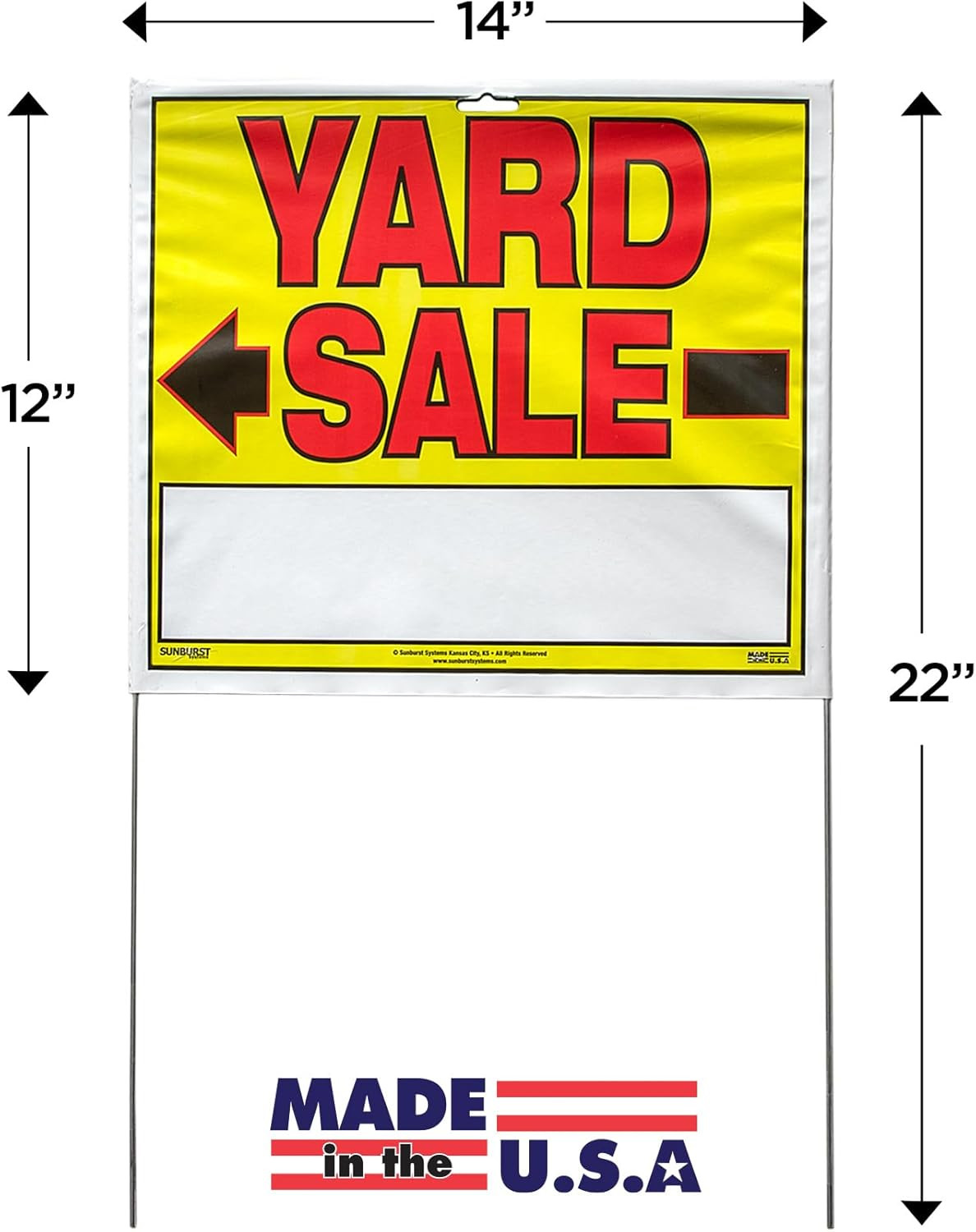 Double Sided Yard Sale Sign with Metal Stake 10 Pack 22 X 14 Yellow Red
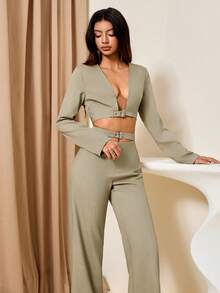 Bluhae 女士镂空长袖上衣和宽松直筒裤不对称系带腰部两件套 - 卡其色 - 查看 5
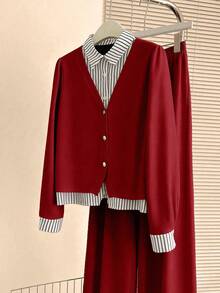 Resyla Women's New Striped Shirt & Wide Leg Pants 2 Pieces Set, Autumn/Winter Outfit - Red - View 3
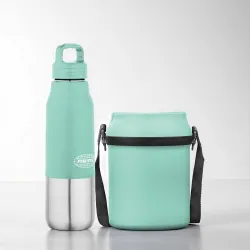 Asian Stainless Steel Lunch Box (700ml) & Insulated Water Bottle (500ml) Asian Stainless Steel Lunch Box (700ml) & Insul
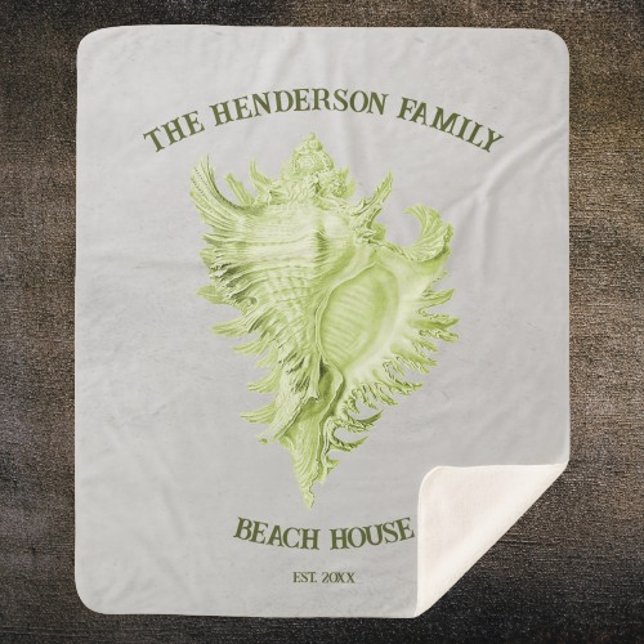 Green Conch Muschel Sherpa Blanket Sherpadecke (Green Conch Shell Personalized Sherpa Blanket)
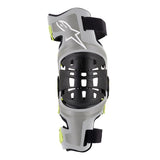 BIONIC 7 KNEE BRACE SET SILVER FLURO YELLOW (0195)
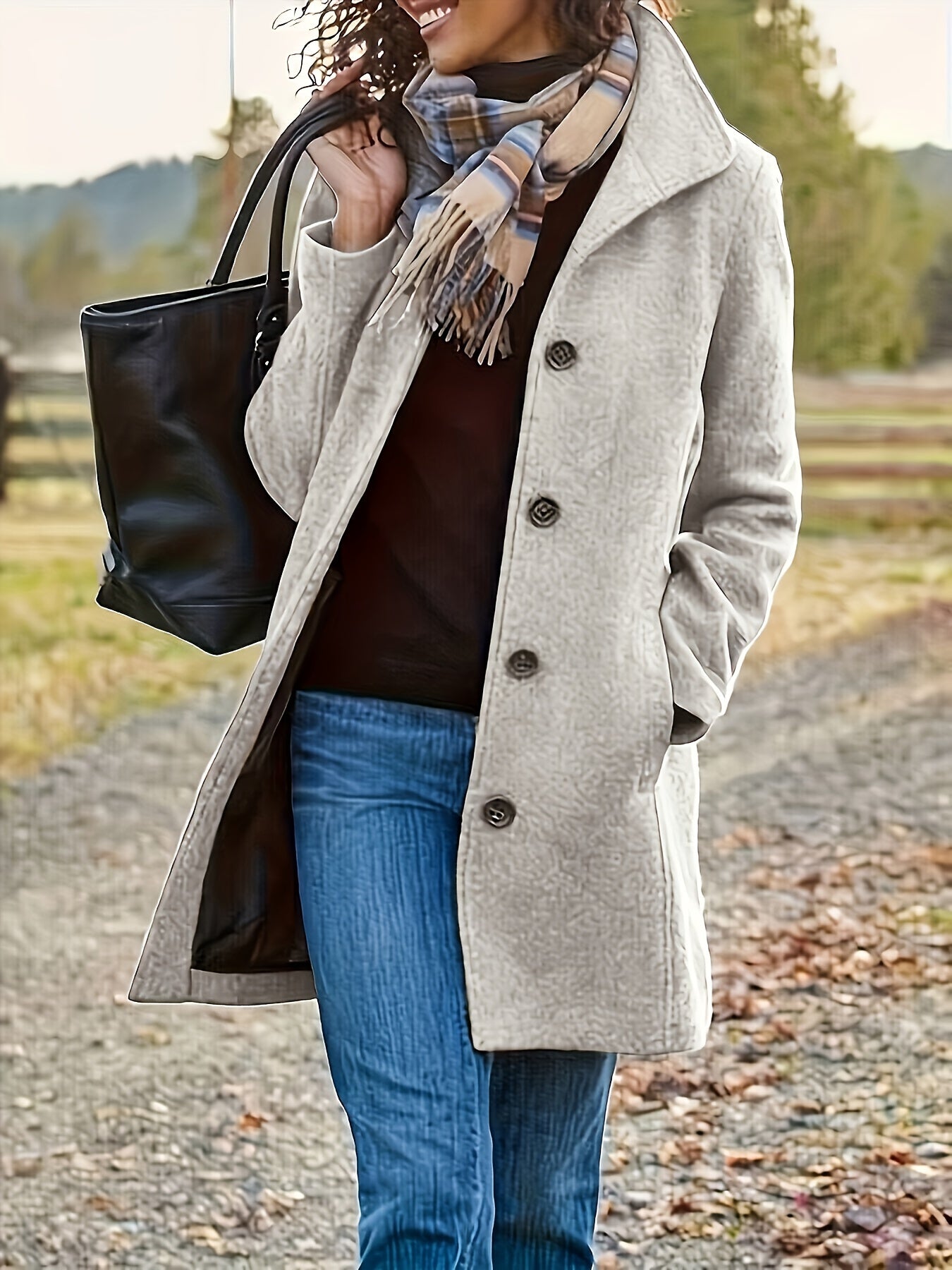 Women's Solid Colour Single Long winter coat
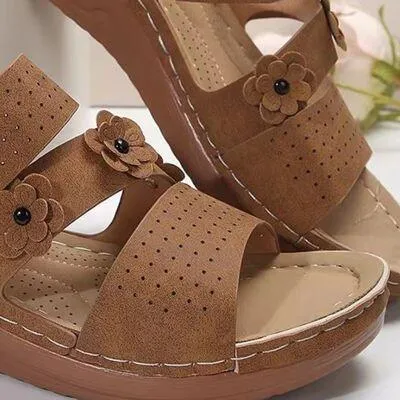 Flower Design PU Leather Wedge Sandals
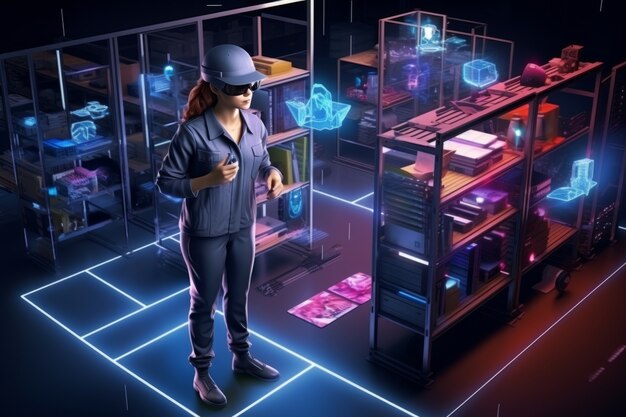 Person using ar technology in their daily occupation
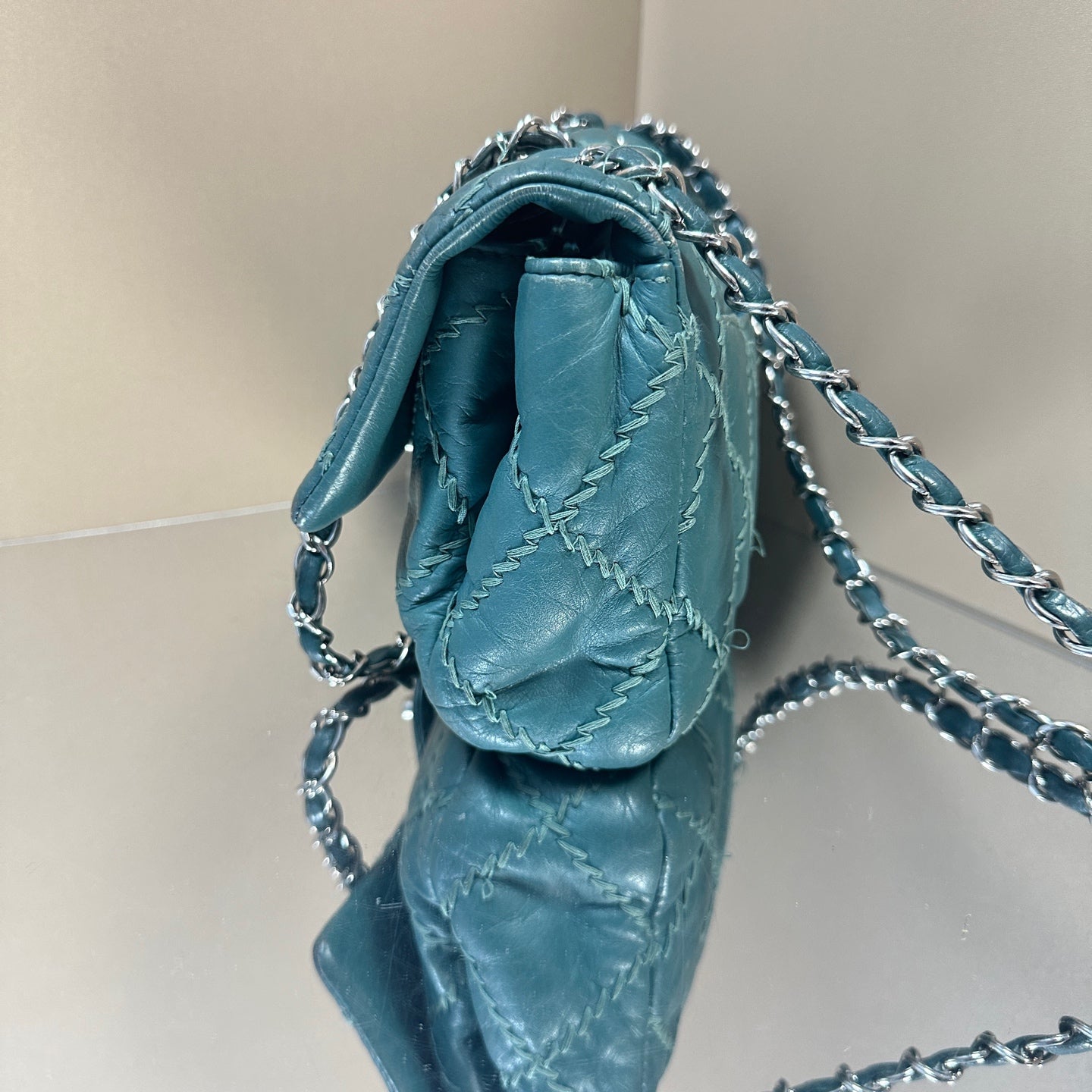 Chanel - Classic Flap with Exposed Stitching - Leather - Green - (small)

-=-=-

**WORK ITEM:** Return exactly the stretch above whose first line contains "Resyla Women's New" and whose last line contains "Green Conch Muschel", and nothing outside it. The pictures should not appear.

**WRITTEN SOLUTION:**
 Resyla Women's New Striped Shirt & Wide Leg Pants 2 Pieces Set, Autumn/Winter Outfit - Red - View 3
 Asian Stainless Steel Lunch Box (700ml) & Insulated Water Bottle (500ml) Asian Stainless Steel Lunch Box (700ml) & Insul
 Green Conch Muschel Sherpa Blanket Sherpadecke (Green Conch Shell Personalized Sherpa Blanket)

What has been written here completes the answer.